**SOURCE MATERIAL:**

* * *

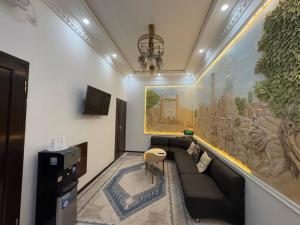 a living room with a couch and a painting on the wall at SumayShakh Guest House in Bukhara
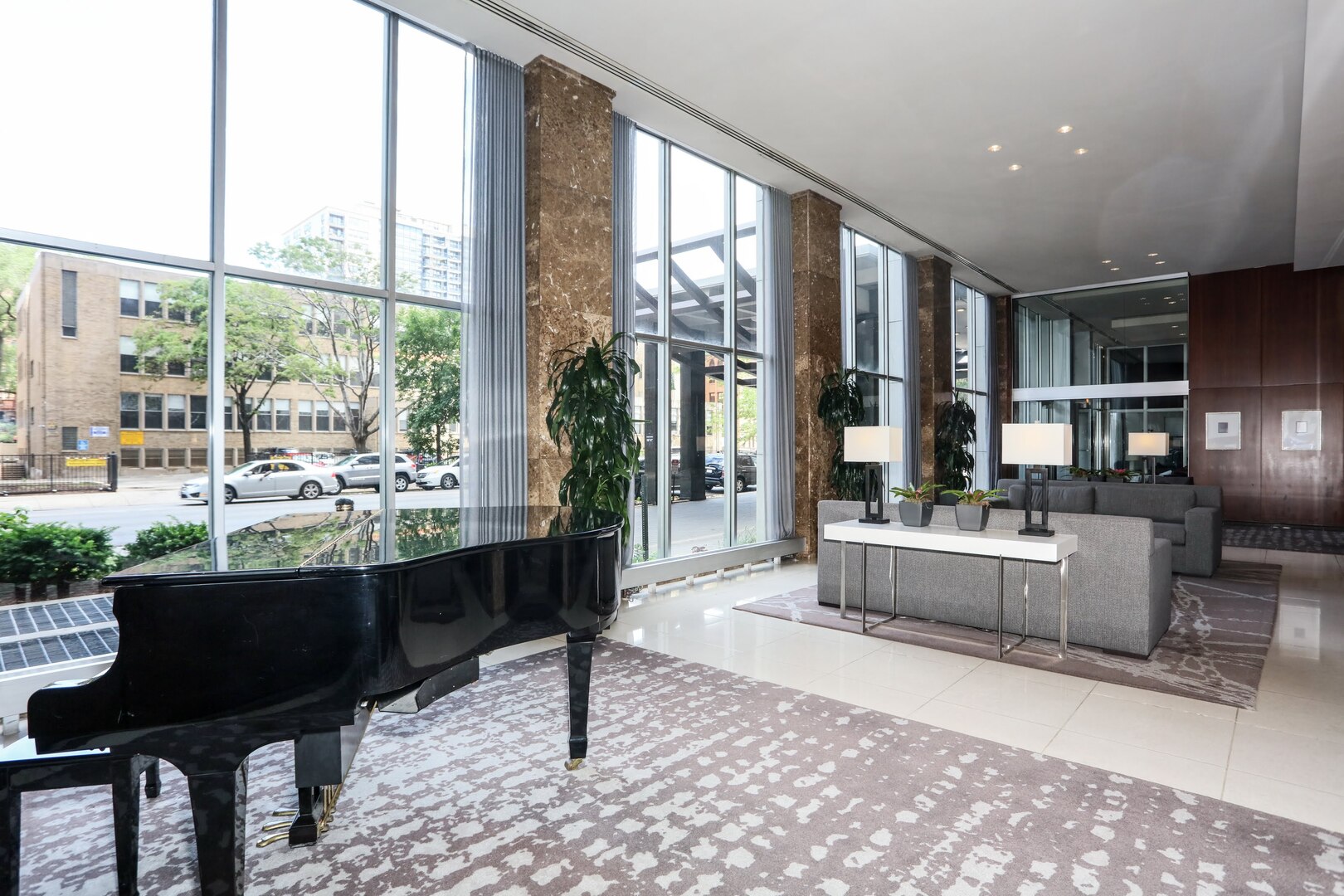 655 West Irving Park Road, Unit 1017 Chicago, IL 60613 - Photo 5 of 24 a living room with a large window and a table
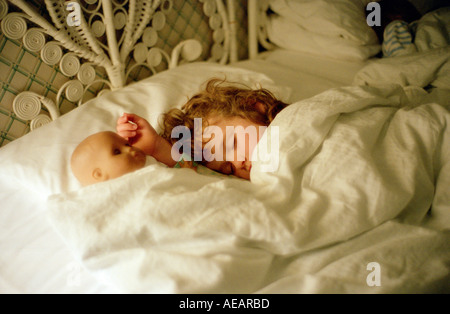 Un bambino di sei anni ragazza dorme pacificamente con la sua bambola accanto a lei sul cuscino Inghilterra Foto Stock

* * *

**AIM OF THE TASK:** Write out exactly the lines from the line that contains "655 West Irving" through the end of the material, including both ends. No pictures belong in the copy.

**EXERCISE ANSWER:**
 655 West Irving Park Road, Unit 1017 Chicago, IL 60613 - Photo 5 of 24 a living room with a large window and a table
 Un bambino di sei anni ragazza dorme pacificamente con la sua bambola accanto a lei sul cuscino Inghilterra Foto Stock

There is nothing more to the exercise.